I'm encountering some issues with overloading the [] operator for a problem in class. This is the function for the overloading:

const char* Person::operator[](const char* str)
{
    if (strcmp(str, "name") == 0)
        return reinterpret_cast<const char *>atoi(name);

    if (strcmp(str, "age") == 0)
    {
        char temp[4];
        _itoa(age, temp, 10);
        //cout << temp;
        return temp;
    }
}

The class defition looks like this

class Person
{
private:
    const char* name;
    unsigned int age;
    double height;
    int gradeNo;
    int grades[10];
public:
    Person();
    Person(const char* name, int age, double height);
    void addGrade(int grade);
    const char* operator [] (const char* str);
    operator int();
};

The problem I'm getting is with the return temp; line from the operator overload function. CLion returns the following warning: Address of stack memory associated with local variable 'temp' returned

Sure enough, when trying to use the operator, the value returned is a memory address. How can I go about fixing this? Is it related to the return type of the function?

You are taking an address to a temporary (that is located on the stack), that will leave the returned pointer dangling almost immediately.

I would very strongly suggest using std::string for strings, do not write C++ just as C with classes.

Then return by std::string by value here. Bad C-like alternative is to allocate the string on the heap and return that, preferably as std::unique_ptr at least.

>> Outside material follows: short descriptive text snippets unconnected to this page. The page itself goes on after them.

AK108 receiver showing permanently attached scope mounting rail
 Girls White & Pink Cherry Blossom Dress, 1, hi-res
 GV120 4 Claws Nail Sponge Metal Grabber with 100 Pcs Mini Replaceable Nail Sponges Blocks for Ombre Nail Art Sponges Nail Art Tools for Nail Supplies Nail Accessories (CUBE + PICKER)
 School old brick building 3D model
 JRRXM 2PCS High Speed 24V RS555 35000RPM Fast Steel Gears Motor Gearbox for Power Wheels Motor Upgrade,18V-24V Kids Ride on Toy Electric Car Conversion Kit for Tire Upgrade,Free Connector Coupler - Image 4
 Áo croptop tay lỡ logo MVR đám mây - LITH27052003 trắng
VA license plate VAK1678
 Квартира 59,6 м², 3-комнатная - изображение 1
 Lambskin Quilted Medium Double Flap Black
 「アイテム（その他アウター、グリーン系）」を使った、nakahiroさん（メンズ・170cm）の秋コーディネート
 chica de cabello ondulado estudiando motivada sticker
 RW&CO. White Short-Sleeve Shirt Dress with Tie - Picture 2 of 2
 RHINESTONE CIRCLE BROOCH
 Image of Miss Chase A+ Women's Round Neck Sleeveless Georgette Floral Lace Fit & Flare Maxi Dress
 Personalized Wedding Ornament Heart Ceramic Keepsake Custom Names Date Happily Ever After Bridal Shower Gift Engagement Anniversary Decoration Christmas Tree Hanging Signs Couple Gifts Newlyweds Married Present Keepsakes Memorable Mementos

EDIT after the comment below:

Since you are required to convert an integer to string and return the value, you cannot return a temporary variable, the result must outlive the method. There are basically two bad options:

  1. Make temp static, this way the pointer remains valid. Downside is the function is no longer re-entrant. This is safer because it won't leak.
const char* foo(int age){
    static char temp[4];
    _itoa(age, temp, 10);
    return temp;
}
  1. Return a heap allocated string. Big danger is that you are leaving the user to deallocate it:
const char* foo(int age){
    char* temp = new char[256];
    _itoa(age, temp, 10);
    return temp;
}

I believe you also have a typo in your code:

return reinterpret_cast<const char *>atoi(name);

The atoi should not be there, right? reinterpret_cast should not be needed.